WORK ITEM: Print the lines of the listing below verbatim from its first line through the line bearing "Wanita 396388-01 Lookbook". Any pictures are to be omitted.

DATA TO USE:
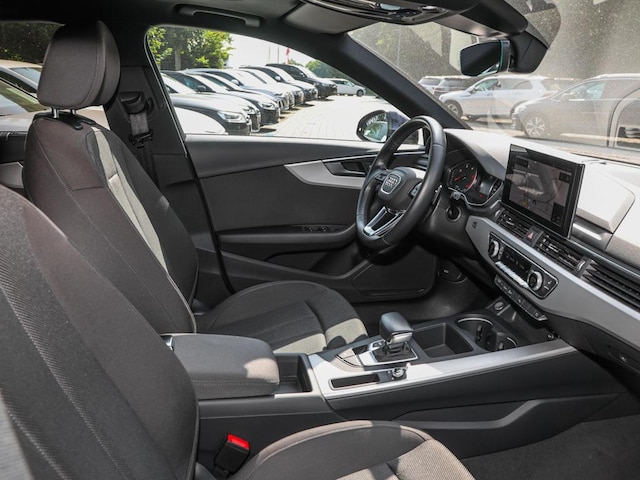 Audi A4 40 TDI Avant S-Tronic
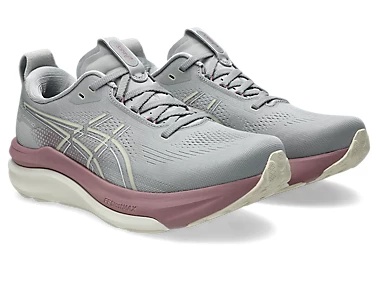 Women’s Asics Gel-Kayano 33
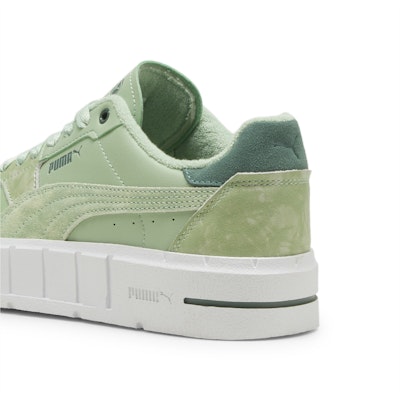 (W) PUMA CALI Court Retreat Yourself Sneakers Wanita 396388-01 Lookbook (W) PUMA CALI Court Retreat Yourself Sneakers Wanita 396388-01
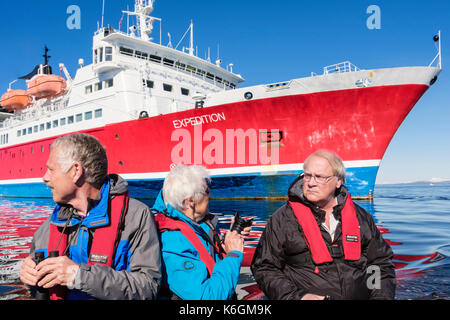 G Abenteuer Expedition Cruise Ship Passagiere Beobachten von Wildtieren auf See auf einem Tagesausflug in Zodiac Beiboot in der Norwegischen See im Sommer 2017. Troms Norwegen Stockfoto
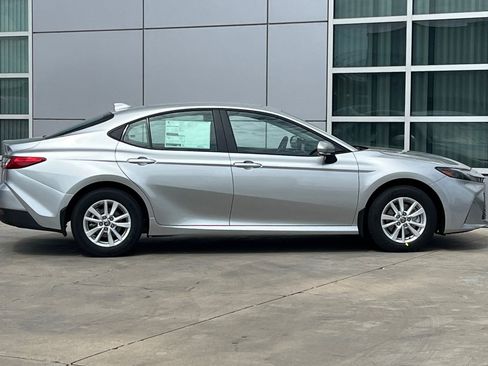 Used 2025 Toyota Camry LE w/ Convenience Package AWD/4WD image 3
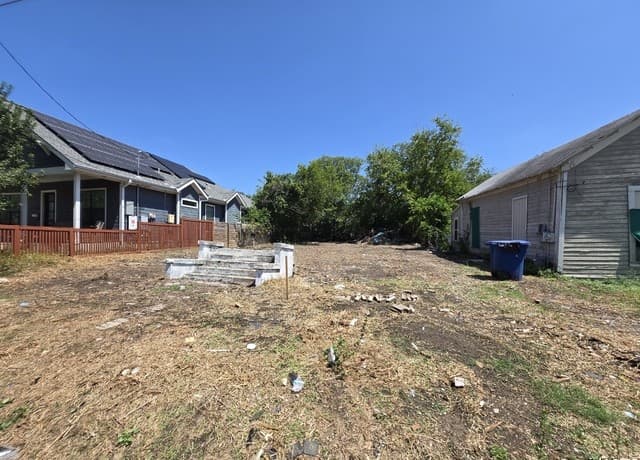 rental at 208 Cactus St. in San Antonio, TX — photo 5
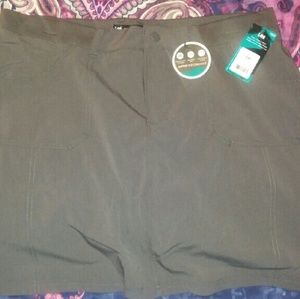 Lee active size 14 skirt with shorts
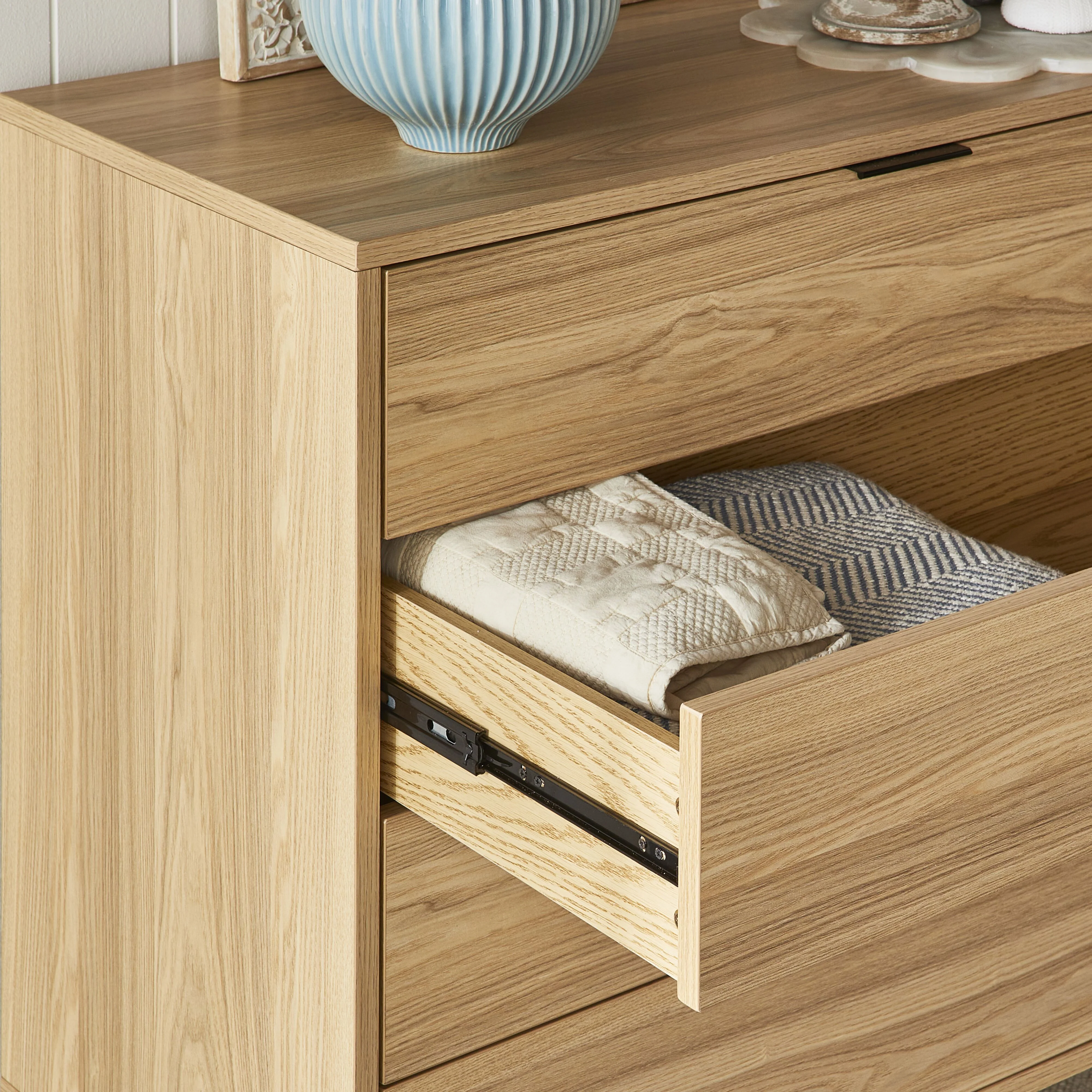 167-max-4-drawer-chest-12.webp Max 4 Drawer Chest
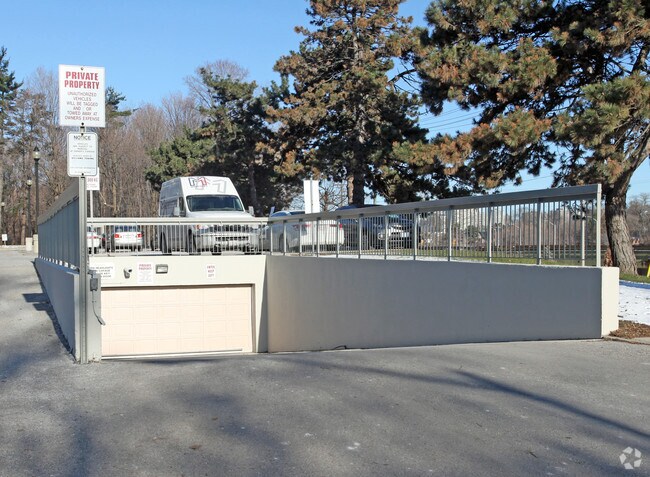 Photo - Stubbs Apartments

OUTPUT FOR THIS EXERCISE:
 Audi A4 40 TDI Avant S-Tronic
 Women’s Asics Gel-Kayano 33
 (W) PUMA CALI Court Retreat Yourself Sneakers Wanita 396388-01 Lookbook (W) PUMA CALI Court Retreat Yourself Sneakers Wanita 396388-01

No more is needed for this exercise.